The CAA does not feel it has to make a case for flight data monitoring (FDM), saying its benefits have been proven in the airline world, quoting figures from a Scandia Insurance study. Scandia found that non-US airlines that have been using FDM for seven to 14 years now have a lower accident rate than US airlines. US airlines had held back from using FDM for fear that they could not keep data confidential and it might be used in evidence against them. Those airlines that have been using FDM for more than 14 years now have an accident rate "under half that experienced by the US carriers," according to Scandia.

FDM has proved to be easy for helicopter operators to implement, according to experience in the trial, and that takes about 1h a day for the manager responsible for monitoring it. "It was extremely successful in identifying significant safety issues, and the operator was able to take corrective and preventive measures to address them," concludes the CAA study, adding: "HOMP is a practical and cost-effective safety tool, able to bring about improvements in flying practice, training, operating procedures and coping with the operational environment."

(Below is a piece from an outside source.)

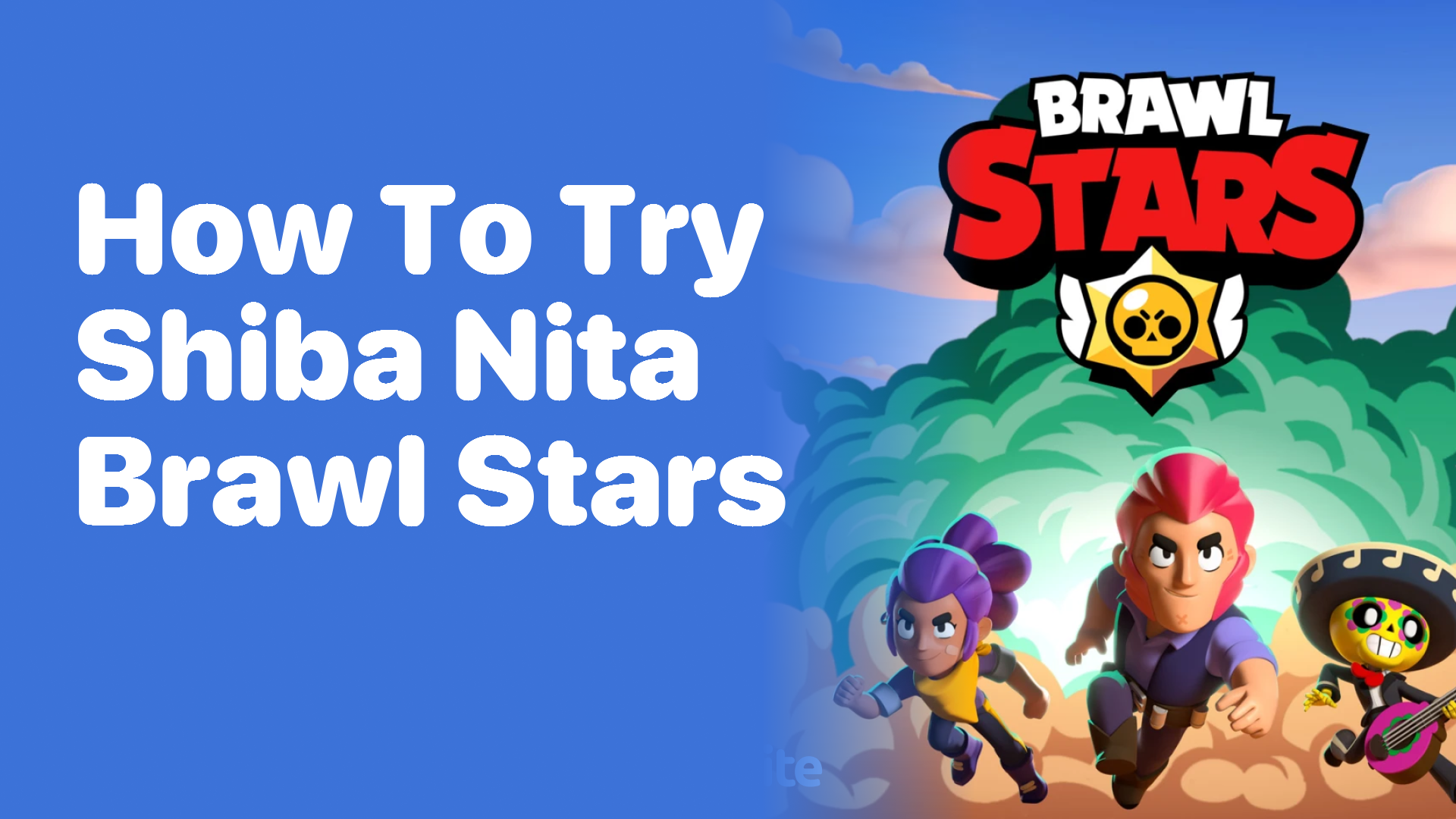 How to Try Shiba Nita in Brawl Stars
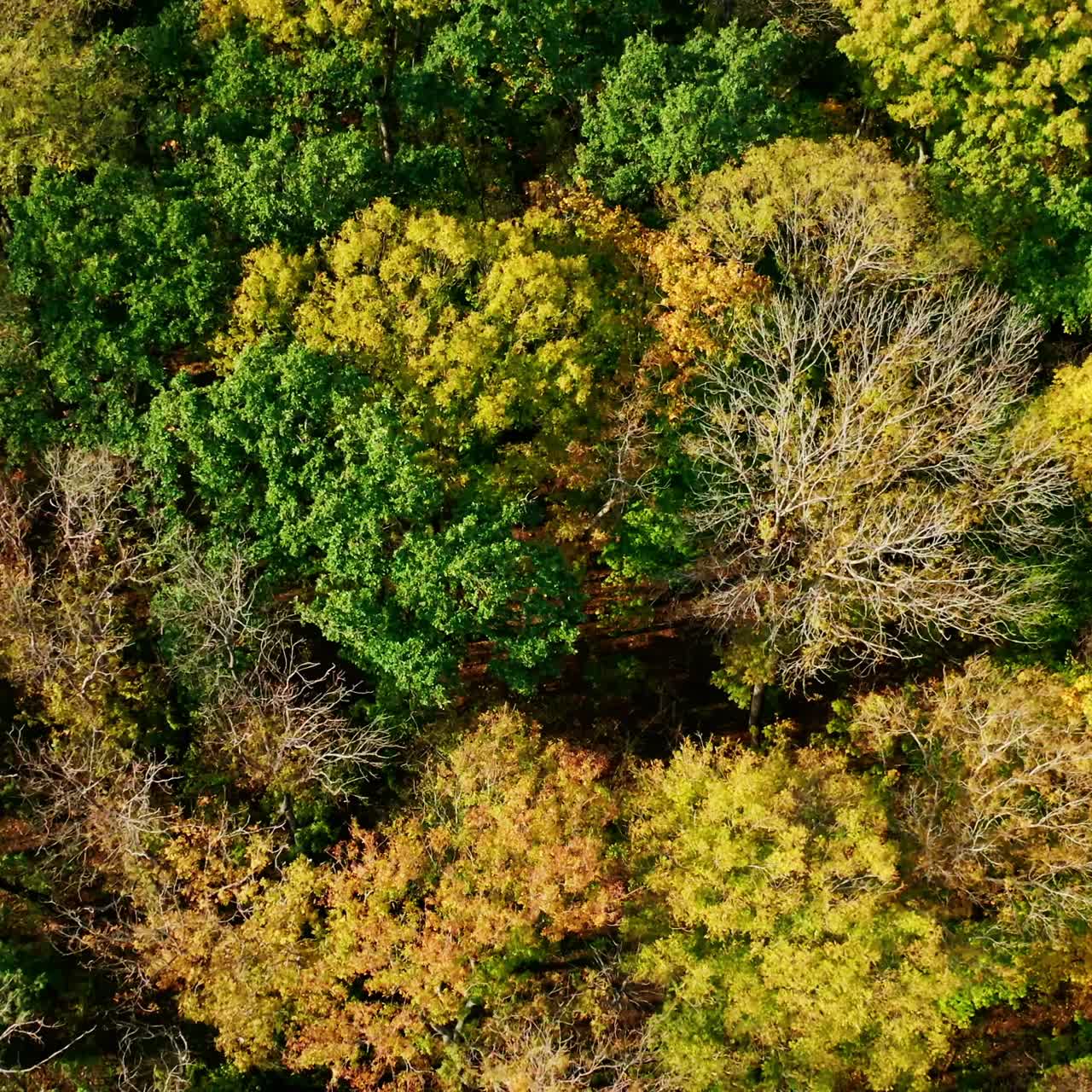 Amazing scenery at autumn. Beautiful forest at fall. View from above on colorful trees. Motion camera top down. Aerial landscape.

The CAA notes that several of the "most significant" problems identified from the data downloaded from the FDRs "could be related to previous North Sea incidents and accidents". The agency remarks that it is no longer a reasonable option to leave the data locked up in FDRs until after an accident has occurred.

So it would seem that the rotary-wing world, especially operators with fleets as opposed to single aircraft operators, could benefit from FDM. Perhaps the day has arrived for bringing helicopter operations into the more disciplined safety environment that is becoming established in other aviation sectors.